The Jets hired Adam Gase to be the new head coach, and the decision was met with widespread skepticism, of which some have dissipated. The main point of contention is the lack of progress from Ryan Tannehill, and the putrid offensive rankings of the Dolphins when led by the so-called offensive genius.
We break down film from two games (Patriots/Jets) early in the season to show why Adam Gase’s offense is not entirely at fault for the terrible rankings, and why Ryan Tannehill plays a major role in limiting the offensive potential. We will look at other games from the season as we move through the off-season.
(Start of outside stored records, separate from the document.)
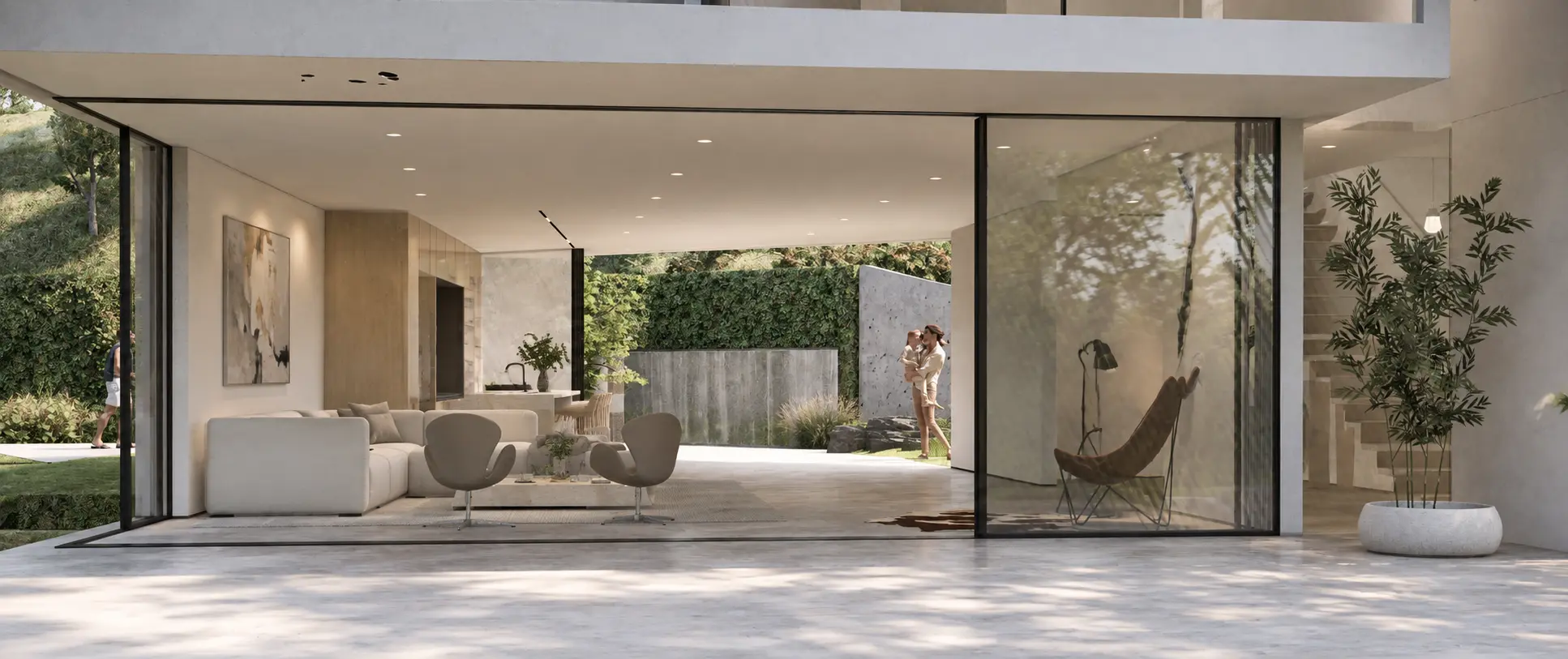 View from the deck above the ADU through the living room and open kitchen to the rear yard and existing retaining wall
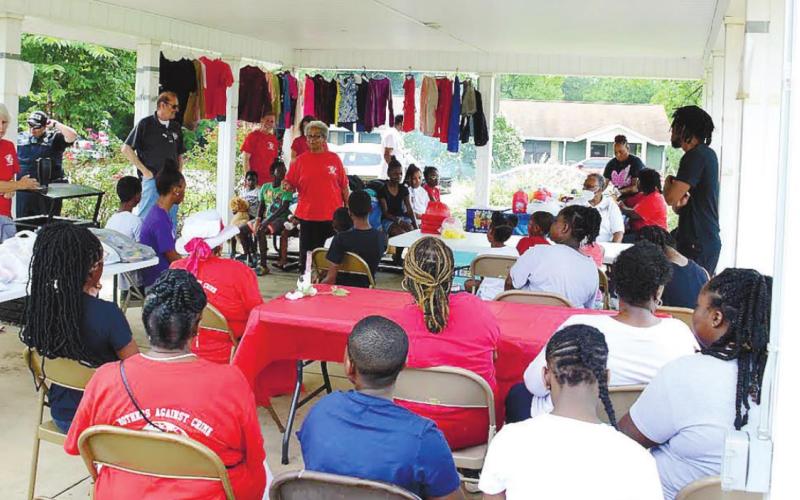 Georgia Benjamin-Smith of Mothers Against Crime addresses the crowd July 30, at the Montgomery Homes Pavilion. IAN TOCHER/Staff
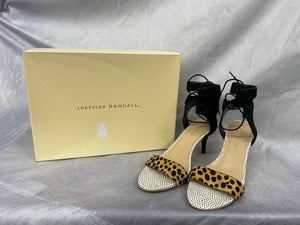 Lot 183  
            Edinburgh SR20 - Delivery Only 

                
LOEFFLER RANDAL AMBROSE LACE UP SANDALS IN CHEETAH AND BLACK LEATHER, SIZE: 9, OR...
This is a pass that goes for 0 yards to Albert Wilson, but it looks like a bad read from Tannehill. The Dolphins go empty backfield, with 3 receivers stacked to the left side of the formation, and 2 on the other side on a 1st and 10 play. The team is running a pick play to the right side of the formation, while they are running a quick screen to the left side of the formation. However, look at the defense on this play, because they dedicated four defenders to three receivers to the left side, and threw a linebacker in there to take away the quick inside slant. Essentially, the entire defense is playing a throw to the outside, while the linebacker inside the slot receiver has the sole function to prevent a quick inside slant. Once the inside slant is taken off the table, the linebacker rushes the QB since his task is completed. Tannehill is playing right into this defense, when the other side of the field is set up much better for a completion. The pick play should cause one of the receivers to break free, and in this case both receivers are open. The quick slant to the middle of the field is open with a trailing linebacker, and the route to the TE is open as a one on one match up with the safety. On the outset, this play looks like a bad set up by Gase, but they have the built-in option to beat this defense on the other side of the field. Unfortunately, Tannehill doesn’t read it at the line, even though his first look is to his right side. He comes off the read before the pick play even takes effect.
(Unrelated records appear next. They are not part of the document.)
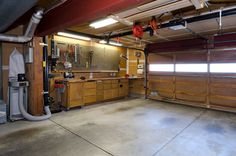 an empty garage with lots of wood cabinets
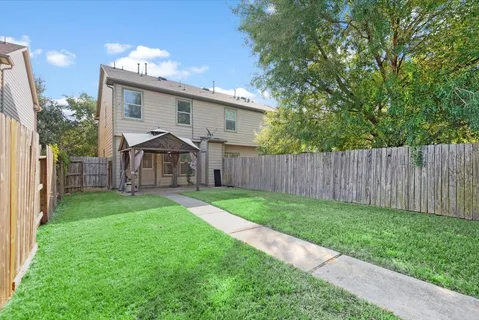a view of a house with backyard and a tree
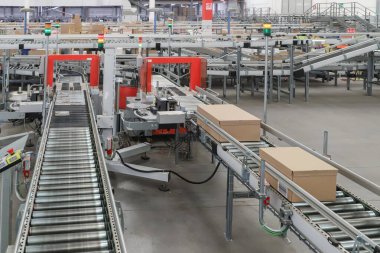 Bir lojistik deposunda ambalaj hattı. Modern bir taşıma bandı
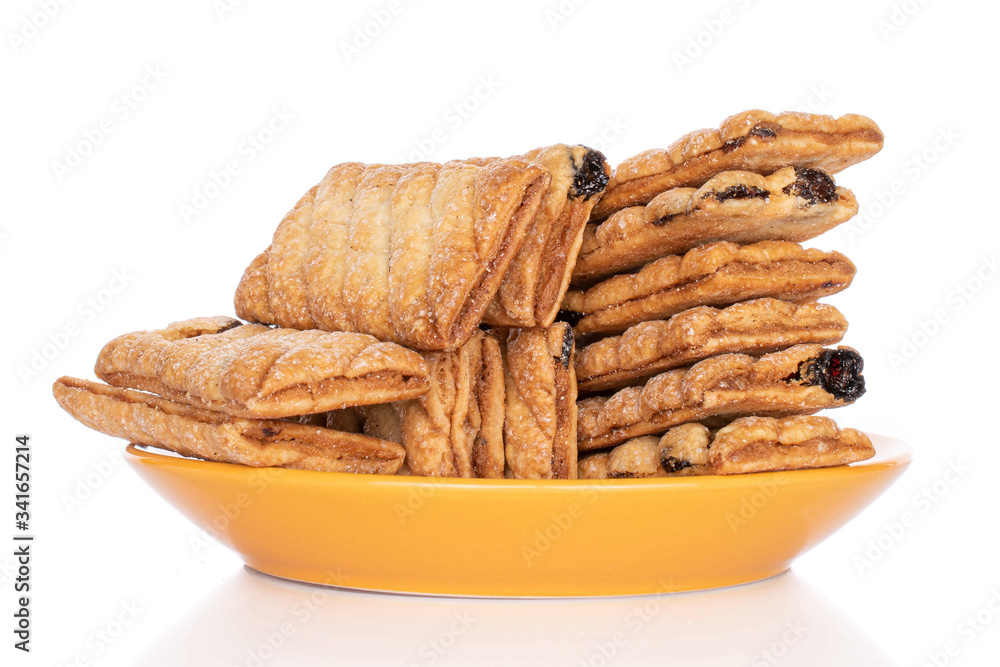 Lot of whole square puff cookie with raisins on yellow plate isolated on white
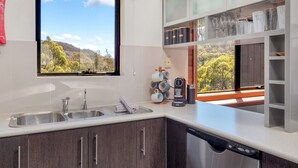 A modern kitchen with a stainless steel sink, a coffee machine, and a dishwasher. There is a window with a view of trees and hills.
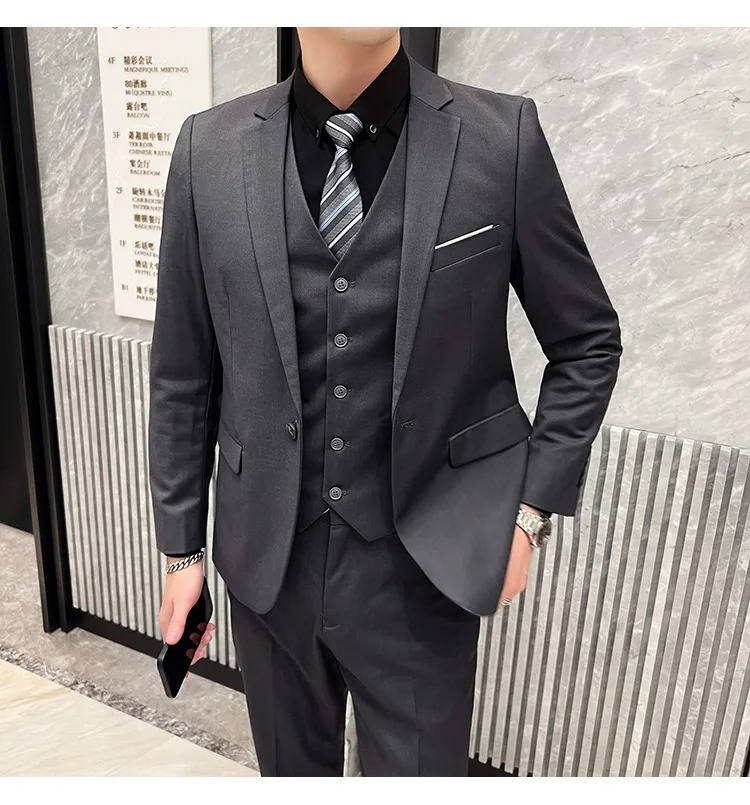 Timeless men's office attire, three-piece suit, classic notch lapel design.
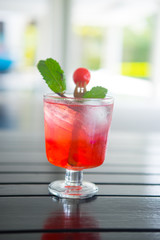 fresh drink punch juice with ice, cherry and mint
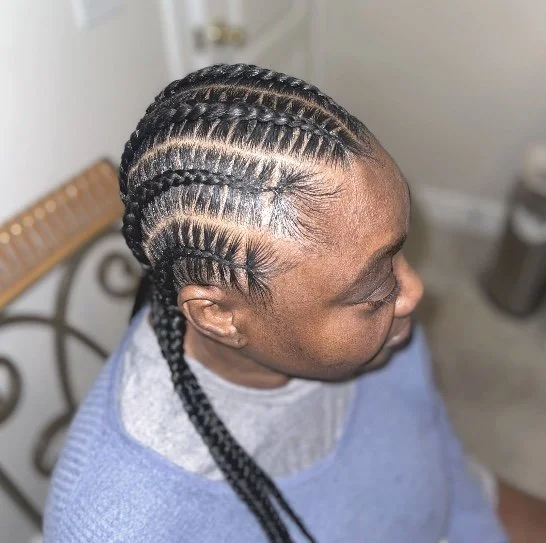Close-up of a woman with freshly braided cornrows on the side of her head.
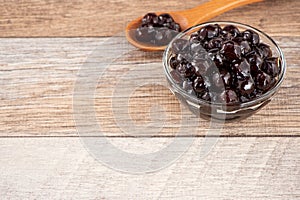 Tapioca Pearl , Bubble topping for tea or other beverage, in a cup, place on wooden table. Copy space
The very next play, and there are glaring issues once again. The main problem from Tannehill on this play is the post snap read. The Dolphins have a double move down the sideline with Albert Wilson (guarded by Gilmore), and Tannehill locks in on the match up. The problem is really the deep safety and that is the biggest read here for this throw. The Dolphins are running a post route in combination with the stop and go route, and it’s designed to occupy the safety. If the safety bites on the post, then the outside route will have a much better shot. If the safety doesn’t bite (as was the case here) then the post route is practically wide open for a sizable gain. All Tannehill has to do on the play is read the safety and know he’s sitting on the go route from Wilson, so the post route will have a much better shot. However, the QB takes the deep option with an impossible throw. The cornerback is only a step behind so anything under-thrown will be contested, while the safety is over the top, thus anything overthrown will be picked off. The two defenders will converge on the receiver by the time the throw reaches the target area, making a miraculous catch the best case scenario. They are lucky this ball isn’t intercepted. Once again, I can’t blame this pass on Gase, because there is a built in counter to this defense, which Tannehill ignores completely. However, I am going to blame Gase for the route concept from Albert Wilson. The young receiver establishes outside leverage on this play, while running a stop and go, which is perfectly fine. The biggest issue is his fake stop move to the outside, which doesn’t fool the cornerback. Why is he faking to the outside? He is running right near the sidelines, at which point, Gilmore doesn’t have to turn his hips because there is a very small window for a throw to the outside. Why isn’t the fake towards the inside, so Gilmore is forced to turn his hips, which would allow for a better release? Hip manipulation is vital in pulling off a double move and this set up has minimal cause for reaction from the defender.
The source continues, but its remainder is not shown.